R (Brown) v Secretary of State for Work and Pensions [2008] EWHC 3158 (Admin)

18 December 2008

Link to judgement

Discrimination grounds

Summary of case
The case involved the proposal to close an accessible local post office and whether in making proposals to reduce post office services, the postal service had given adequate consideration to their Public Sector Equality Duty in respect of disability.

The Court set out some general principles about the steps a public authority should take to comply with the Duty to give ‘due regard’ to the relevant equality needs. These include that:

a. When a public authority makes decisions that do or might affect an equality group, it must be made aware of its duty to have due regard to the equality goals in the Equality Duties. An incomplete or erroneous appreciation of these Duties will mean that ‘due regard’ has not been paid.

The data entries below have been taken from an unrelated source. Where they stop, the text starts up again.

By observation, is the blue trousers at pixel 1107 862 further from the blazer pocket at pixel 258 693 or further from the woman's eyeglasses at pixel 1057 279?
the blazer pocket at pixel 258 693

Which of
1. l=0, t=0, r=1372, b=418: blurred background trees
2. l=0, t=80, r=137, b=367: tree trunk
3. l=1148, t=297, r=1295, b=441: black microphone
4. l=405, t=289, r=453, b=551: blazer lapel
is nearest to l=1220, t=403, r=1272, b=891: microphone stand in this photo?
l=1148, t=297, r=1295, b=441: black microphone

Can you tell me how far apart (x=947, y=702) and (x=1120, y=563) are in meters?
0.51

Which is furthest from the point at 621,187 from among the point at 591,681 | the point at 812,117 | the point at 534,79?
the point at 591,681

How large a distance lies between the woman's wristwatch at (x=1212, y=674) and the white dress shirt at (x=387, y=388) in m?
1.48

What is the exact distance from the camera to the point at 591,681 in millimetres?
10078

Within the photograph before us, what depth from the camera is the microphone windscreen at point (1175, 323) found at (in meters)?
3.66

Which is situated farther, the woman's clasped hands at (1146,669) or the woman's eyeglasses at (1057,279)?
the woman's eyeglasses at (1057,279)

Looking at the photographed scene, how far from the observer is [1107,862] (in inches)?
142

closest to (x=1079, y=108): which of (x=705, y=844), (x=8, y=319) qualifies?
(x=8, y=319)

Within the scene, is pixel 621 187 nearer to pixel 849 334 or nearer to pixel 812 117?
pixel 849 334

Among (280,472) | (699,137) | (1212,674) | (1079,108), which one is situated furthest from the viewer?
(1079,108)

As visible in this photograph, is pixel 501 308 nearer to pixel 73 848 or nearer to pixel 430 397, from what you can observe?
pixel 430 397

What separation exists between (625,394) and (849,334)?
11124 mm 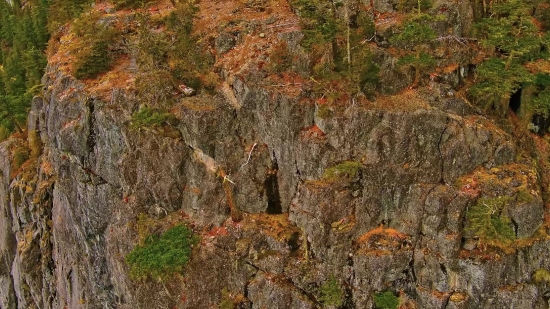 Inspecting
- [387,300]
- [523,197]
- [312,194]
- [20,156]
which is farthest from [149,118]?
[523,197]

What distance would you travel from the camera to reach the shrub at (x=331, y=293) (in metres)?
20.8

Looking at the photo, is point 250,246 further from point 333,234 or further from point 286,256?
point 333,234

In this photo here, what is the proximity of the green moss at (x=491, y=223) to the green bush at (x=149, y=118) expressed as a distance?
1411 cm

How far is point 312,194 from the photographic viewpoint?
21.0 metres

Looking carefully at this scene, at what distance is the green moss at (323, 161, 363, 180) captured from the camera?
20844mm

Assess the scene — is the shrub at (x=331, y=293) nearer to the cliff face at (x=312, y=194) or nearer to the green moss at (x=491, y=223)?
the cliff face at (x=312, y=194)

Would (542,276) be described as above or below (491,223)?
below

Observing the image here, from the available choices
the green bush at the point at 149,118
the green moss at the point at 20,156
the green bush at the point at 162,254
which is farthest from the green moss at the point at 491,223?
the green moss at the point at 20,156

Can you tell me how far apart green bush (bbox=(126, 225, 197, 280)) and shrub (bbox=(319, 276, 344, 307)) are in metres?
6.15

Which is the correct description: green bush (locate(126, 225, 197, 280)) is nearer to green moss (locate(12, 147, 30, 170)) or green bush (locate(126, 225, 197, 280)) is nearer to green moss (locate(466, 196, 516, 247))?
green moss (locate(466, 196, 516, 247))

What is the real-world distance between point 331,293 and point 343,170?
5.35 metres

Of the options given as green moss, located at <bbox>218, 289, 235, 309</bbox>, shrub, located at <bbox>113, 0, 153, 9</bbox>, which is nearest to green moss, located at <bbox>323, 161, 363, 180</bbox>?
green moss, located at <bbox>218, 289, 235, 309</bbox>

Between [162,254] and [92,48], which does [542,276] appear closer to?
[162,254]

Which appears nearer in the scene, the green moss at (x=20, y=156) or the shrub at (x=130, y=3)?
the shrub at (x=130, y=3) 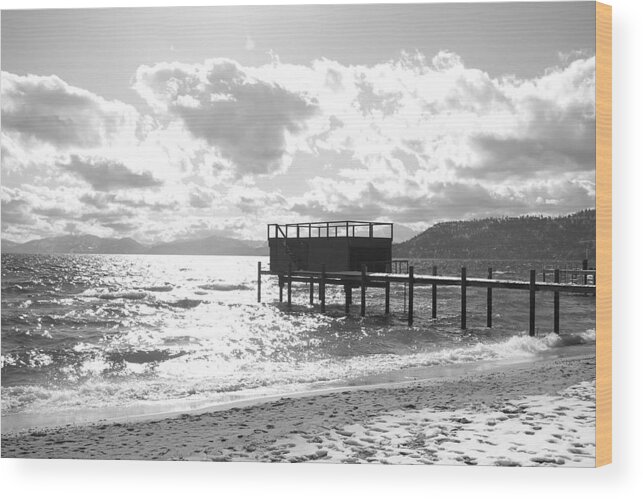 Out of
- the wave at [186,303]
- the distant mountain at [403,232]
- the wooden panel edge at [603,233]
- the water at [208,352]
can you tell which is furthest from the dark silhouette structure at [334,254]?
the wooden panel edge at [603,233]

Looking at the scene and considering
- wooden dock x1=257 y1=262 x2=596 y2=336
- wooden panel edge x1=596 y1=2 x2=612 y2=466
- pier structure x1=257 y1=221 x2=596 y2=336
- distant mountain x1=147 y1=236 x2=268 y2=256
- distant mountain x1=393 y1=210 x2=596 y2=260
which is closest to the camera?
wooden panel edge x1=596 y1=2 x2=612 y2=466

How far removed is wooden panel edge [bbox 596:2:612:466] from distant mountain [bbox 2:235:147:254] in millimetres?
6016

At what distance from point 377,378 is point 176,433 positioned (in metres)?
3.42

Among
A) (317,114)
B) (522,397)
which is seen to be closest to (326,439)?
(522,397)

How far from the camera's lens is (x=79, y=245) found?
789cm

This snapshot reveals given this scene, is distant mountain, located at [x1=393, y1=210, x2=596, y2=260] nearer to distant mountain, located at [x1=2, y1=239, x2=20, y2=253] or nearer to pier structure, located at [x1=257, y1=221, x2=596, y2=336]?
pier structure, located at [x1=257, y1=221, x2=596, y2=336]

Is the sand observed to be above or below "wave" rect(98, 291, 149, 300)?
below

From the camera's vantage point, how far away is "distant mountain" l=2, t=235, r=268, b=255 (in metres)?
7.45

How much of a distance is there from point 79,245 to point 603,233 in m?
6.68

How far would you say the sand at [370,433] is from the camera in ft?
18.1

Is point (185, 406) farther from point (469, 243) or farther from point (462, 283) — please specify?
point (462, 283)

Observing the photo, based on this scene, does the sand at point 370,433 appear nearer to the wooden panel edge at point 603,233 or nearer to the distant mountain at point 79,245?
the wooden panel edge at point 603,233

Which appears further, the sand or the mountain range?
the mountain range

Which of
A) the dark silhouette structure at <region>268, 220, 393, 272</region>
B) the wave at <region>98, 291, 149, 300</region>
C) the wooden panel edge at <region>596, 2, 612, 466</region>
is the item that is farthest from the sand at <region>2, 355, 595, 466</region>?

b. The ‘due regard’ must be exercised with rigour and with an open mind. It is not a question of ‘ticking boxes’. The Duty has to be integrated within the discharge of the public functions of the authority. It involves a conscious and deliberate approach to policy-making and needs to be thorough enough to show that ‘due regard’ has been paid before any decision is made.

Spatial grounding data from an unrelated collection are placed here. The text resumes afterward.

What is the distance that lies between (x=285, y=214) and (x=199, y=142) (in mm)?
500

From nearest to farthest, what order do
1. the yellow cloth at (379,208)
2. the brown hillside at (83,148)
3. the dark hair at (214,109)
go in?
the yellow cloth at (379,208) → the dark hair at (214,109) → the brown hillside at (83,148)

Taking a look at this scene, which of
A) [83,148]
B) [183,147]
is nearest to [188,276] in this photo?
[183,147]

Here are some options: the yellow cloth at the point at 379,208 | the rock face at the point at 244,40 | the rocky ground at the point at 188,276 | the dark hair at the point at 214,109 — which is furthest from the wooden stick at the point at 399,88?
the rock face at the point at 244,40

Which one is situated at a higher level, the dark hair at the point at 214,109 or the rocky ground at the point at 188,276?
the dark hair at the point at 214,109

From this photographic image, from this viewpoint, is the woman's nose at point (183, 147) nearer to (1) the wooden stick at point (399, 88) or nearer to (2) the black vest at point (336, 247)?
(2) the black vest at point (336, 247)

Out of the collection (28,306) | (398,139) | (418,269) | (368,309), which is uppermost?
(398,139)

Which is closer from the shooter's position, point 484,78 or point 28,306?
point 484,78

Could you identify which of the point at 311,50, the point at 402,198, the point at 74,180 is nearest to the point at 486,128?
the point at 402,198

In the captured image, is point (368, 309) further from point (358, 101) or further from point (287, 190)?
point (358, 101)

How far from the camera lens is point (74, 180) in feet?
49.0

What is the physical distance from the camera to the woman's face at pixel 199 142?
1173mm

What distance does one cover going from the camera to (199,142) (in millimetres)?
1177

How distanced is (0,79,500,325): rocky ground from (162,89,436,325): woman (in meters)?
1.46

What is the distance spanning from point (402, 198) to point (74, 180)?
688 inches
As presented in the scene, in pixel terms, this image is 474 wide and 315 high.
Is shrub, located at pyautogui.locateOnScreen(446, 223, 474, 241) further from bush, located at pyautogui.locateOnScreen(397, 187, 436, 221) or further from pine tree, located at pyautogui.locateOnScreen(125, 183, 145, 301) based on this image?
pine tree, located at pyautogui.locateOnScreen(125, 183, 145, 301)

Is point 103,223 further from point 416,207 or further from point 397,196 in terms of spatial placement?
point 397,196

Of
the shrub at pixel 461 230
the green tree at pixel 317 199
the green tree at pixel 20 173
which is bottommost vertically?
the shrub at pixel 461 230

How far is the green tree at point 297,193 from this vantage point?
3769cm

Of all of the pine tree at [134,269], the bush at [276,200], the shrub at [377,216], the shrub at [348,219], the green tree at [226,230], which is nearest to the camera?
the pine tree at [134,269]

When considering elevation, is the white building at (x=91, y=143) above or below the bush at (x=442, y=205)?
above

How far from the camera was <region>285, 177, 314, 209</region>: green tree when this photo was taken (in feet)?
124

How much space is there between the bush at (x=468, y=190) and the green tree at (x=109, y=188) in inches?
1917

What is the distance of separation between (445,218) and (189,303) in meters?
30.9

c. If the public authority has not specifically mentioned the relevant general Equality Duty when carrying out a particular function, this does not mean that the Duty to have ‘due regard’ has not been performed. However, it is good practice for the policy itself or the public authority to make reference to the Duty and any code or other non-statutory guidance. This will reduce the chance of someone successfully arguing that ‘due regard’ has not been paid to equality considerations. This is also likely to enable a public authority to ensure that factors relevant to equality are taken into account when developing a policy.

d. It is good practice for public authorities to keep an adequate record showing that they had actually considered their Equality Duties and pondered relevant questions. Appropriate record-keeping encourages transparency and will discipline those carrying out the relevant function to undertake their Disability Equality Duties conscientiously. If records are not kept, it will be difficult, evidentially, for a public authority to persuade a court that it has fulfilled its general Equality Duty.